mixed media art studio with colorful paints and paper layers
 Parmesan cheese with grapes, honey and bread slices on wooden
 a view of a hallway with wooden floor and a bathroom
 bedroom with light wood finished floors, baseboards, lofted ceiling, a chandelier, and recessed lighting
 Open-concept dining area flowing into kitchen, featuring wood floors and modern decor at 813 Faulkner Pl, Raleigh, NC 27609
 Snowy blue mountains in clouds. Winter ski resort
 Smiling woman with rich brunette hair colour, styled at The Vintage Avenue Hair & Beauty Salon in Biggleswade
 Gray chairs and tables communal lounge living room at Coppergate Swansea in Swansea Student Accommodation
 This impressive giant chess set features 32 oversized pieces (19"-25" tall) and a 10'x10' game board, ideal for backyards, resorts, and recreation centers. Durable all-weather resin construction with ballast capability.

== ASSIGNMENT ==
From the material above, set down exactly the lines starting at the one with "a view of a" and ending at the one with "Open-concept dining area", end lines included.

== SOLUTION BELOW ==
 a view of a hallway with wooden floor and a bathroom
 bedroom with light wood finished floors, baseboards, lofted ceiling, a chandelier, and recessed lighting
 Open-concept dining area flowing into kitchen, featuring wood floors and modern decor at 813 Faulkner Pl, Raleigh, NC 27609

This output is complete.